Redaktion LongevityWatch · 15. Juli 2026 · 1 min · English

Bei Alzheimer verbreitet sich ein schädliches Protein nach einem vorhersehbaren Muster im Gehirn. Forschende können diese Ausbreitung nun präziser verfolgen als je zuvor – und gewinnen dabei neue Erkenntnisse für die Frühdiagnose.

Das Tau-Protein spielt bei Alzheimer eine zentrale Rolle. In einem gesunden Gehirn trägt Tau zur Aufrechterhaltung der inneren Struktur von Nervenzellen bei. Bei Alzheimer bildet es Verklumpungen und breitet sich von Zelle zu Zelle aus. Wie schnell und wie weit das geschieht, hängt vom jeweiligen Krankheitsstadium ab.

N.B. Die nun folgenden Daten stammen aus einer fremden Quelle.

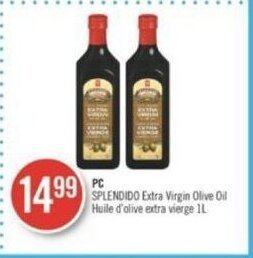 Shoppers Drug Mart PC SPLENDIDO Extra Virgin Olive Oil 1L offer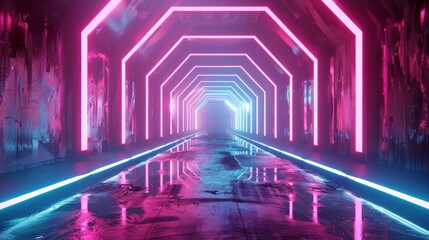 Wall Mural - Futuristic abstract neon background, ascending pink and blue glowing lines, laser rays, fantastic wallpaper, 3D rendering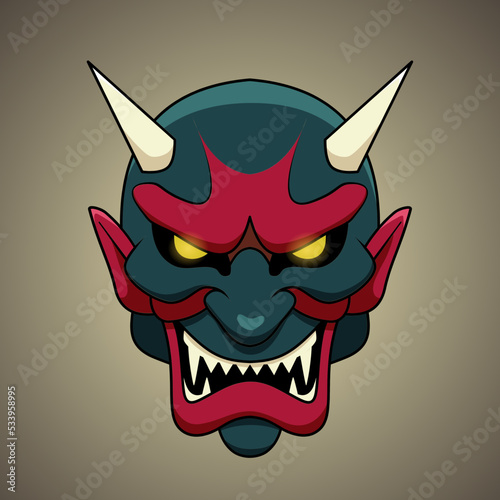 Vector illustration of Japanese style oni mask cartoon. Print, illustration, logo design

Zwei Messwerte, eine Krankheit

In der Studie, veröffentlicht in Nature Aging, verfolgten Forschende Teilnehmende aus vier großen Kohorten mithilfe von PET-Scans. Ein PET-Scan (Positronenemissionstomographie) macht Tau-Ansammlungen im lebenden Gehirn sichtbar. Die Studie unterscheidet zwei Messwerte: die Menge an Tau pro Hirnregion (Last) und die Anzahl der bereits betroffenen Regionen (Ausmaß).

Der zentrale Befund lautet: Im frühen Stadium von Alzheimer ist das räumliche Ausmaß ein empfindlicherer Indikator als die gesamte Tau-Last. In späteren Stadien korreliert die Tau-Gesamtlast stärker mit dem Schweregrad der Erkrankung. Beide Messwerte erfassen unterschiedliche Aspekte des Krankheitsverlaufs.

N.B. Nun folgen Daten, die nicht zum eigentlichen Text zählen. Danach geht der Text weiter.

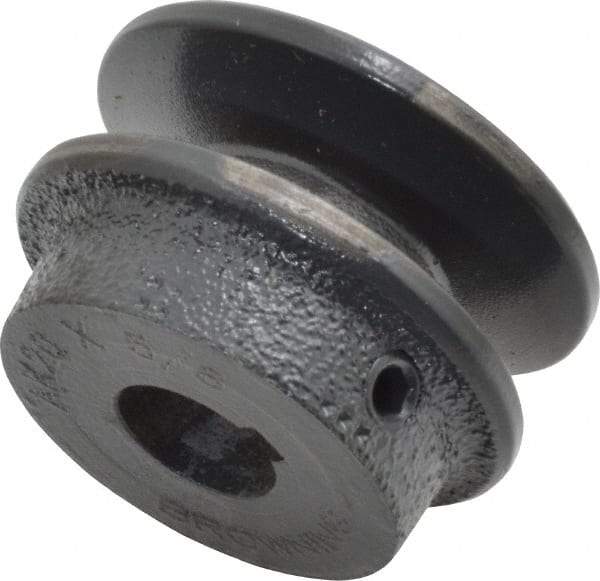 Browning - 5/8" Bore, 15/16 Long, 2" Outside Diam, Finished Bore Single Groove V Belt Sheave - 21/32" Wide, 1.46" Pitch Diam of 3L Belt, 1.8" Pitch Diam of 4L Belt - Benchmark Tooling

Bedeutung für die Früherkennung

Diese Unterscheidung ist klinisch relevant. Bei der Suche nach frühen Alzheimer-Signalen vor dem Auftreten von Symptomen erweist sich das räumliche Ausmaß als der empfindlichere Messwert. Bei der Beurteilung des Schweregrads bereits diagnostizierter Patienten liefert hingegen die Tau-Gesamtlast mehr Informationen.

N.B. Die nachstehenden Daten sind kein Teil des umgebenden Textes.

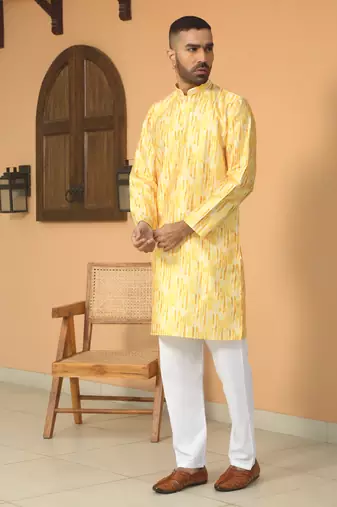 Silk blend tie-dye printed madarine collor yellow kurta with pyjama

Die Studie ist longitudinal angelegt: Die Teilnehmenden wurden wiederholt gescannt, wodurch die Forschenden den zeitlichen Verlauf der Tau-Ausbreitung rekonstruieren konnten. Das macht die Ergebnisse robuster als Studien mit nur einer einzigen Messung. Ob die Befunde künftig unmittelbar Behandlungsentscheidungen beeinflussen, hängt von weiteren Arbeiten ab, die diese Bildgebungsparameter mit klinischen Verläufen verknüpfen.

Die Forschungsarbeit liefert wichtige zeitliche Details zum Verständnis der Alzheimer-Progression und zeigt, dass in verschiedenen Krankheitsstadien möglicherweise unterschiedliche Biomarker-Kenngrößen erforderlich sind.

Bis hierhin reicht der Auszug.